(Beginning of Material supplied)
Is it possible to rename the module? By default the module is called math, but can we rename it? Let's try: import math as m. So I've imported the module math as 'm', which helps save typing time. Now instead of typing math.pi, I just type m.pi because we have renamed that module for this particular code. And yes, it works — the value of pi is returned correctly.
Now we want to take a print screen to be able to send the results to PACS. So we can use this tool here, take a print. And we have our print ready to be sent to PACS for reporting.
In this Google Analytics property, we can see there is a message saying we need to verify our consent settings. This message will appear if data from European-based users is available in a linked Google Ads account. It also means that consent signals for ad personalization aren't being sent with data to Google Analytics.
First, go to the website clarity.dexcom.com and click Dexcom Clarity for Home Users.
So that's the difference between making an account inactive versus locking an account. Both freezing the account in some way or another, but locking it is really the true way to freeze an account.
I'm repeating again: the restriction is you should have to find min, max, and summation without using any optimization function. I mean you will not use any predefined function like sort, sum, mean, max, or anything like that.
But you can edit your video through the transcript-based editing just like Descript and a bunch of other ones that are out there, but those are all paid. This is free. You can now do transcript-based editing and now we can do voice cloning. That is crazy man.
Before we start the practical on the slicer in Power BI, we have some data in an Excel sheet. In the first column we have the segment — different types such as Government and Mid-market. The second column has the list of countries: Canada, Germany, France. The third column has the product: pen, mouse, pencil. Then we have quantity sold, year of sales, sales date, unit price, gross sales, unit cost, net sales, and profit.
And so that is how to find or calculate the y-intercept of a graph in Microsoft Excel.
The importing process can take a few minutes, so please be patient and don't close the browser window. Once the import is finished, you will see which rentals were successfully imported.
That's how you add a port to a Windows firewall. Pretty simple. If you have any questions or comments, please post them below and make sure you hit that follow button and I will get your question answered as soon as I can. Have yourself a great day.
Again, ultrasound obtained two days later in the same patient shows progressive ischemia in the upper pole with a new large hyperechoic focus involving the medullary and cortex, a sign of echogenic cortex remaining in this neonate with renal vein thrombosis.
(End of Material supplied)
→ What you need to do
Each of the lines above must appear again, unchanged.

→ Output of the task
Is it possible to rename the module? By default the module is called math, but can we rename it? Let's try: import math as m. So I've imported the module math as 'm', which helps save typing time. Now instead of typing math.pi, I just type m.pi because we have renamed that module for this particular code. And yes, it works — the value of pi is returned correctly.
Now we want to take a print screen to be able to send the results to PACS. So we can use this tool here, take a print. And we have our print ready to be sent to PACS for reporting.
In this Google Analytics property, we can see there is a message saying we need to verify our consent settings. This message will appear if data from European-based users is available in a linked Google Ads account. It also means that consent signals for ad personalization aren't being sent with data to Google Analytics.
First, go to the website clarity.dexcom.com and click Dexcom Clarity for Home Users.
So that's the difference between making an account inactive versus locking an account. Both freezing the account in some way or another, but locking it is really the true way to freeze an account.
I'm repeating again: the restriction is you should have to find min, max, and summation without using any optimization function. I mean you will not use any predefined function like sort, sum, mean, max, or anything like that.
But you can edit your video through the transcript-based editing just like Descript and a bunch of other ones that are out there, but those are all paid. This is free. You can now do transcript-based editing and now we can do voice cloning. That is crazy man.
Before we start the practical on the slicer in Power BI, we have some data in an Excel sheet. In the first column we have the segment — different types such as Government and Mid-market. The second column has the list of countries: Canada, Germany, France. The third column has the product: pen, mouse, pencil. Then we have quantity sold, year of sales, sales date, unit price, gross sales, unit cost, net sales, and profit.
And so that is how to find or calculate the y-intercept of a graph in Microsoft Excel.
The importing process can take a few minutes, so please be patient and don't close the browser window. Once the import is finished, you will see which rentals were successfully imported.
That's how you add a port to a Windows firewall. Pretty simple. If you have any questions or comments, please post them below and make sure you hit that follow button and I will get your question answered as soon as I can. Have yourself a great day.
Again, ultrasound obtained two days later in the same patient shows progressive ischemia in the upper pole with a new large hyperechoic focus involving the medullary and cortex, a sign of echogenic cortex remaining in this neonate with renal vein thrombosis.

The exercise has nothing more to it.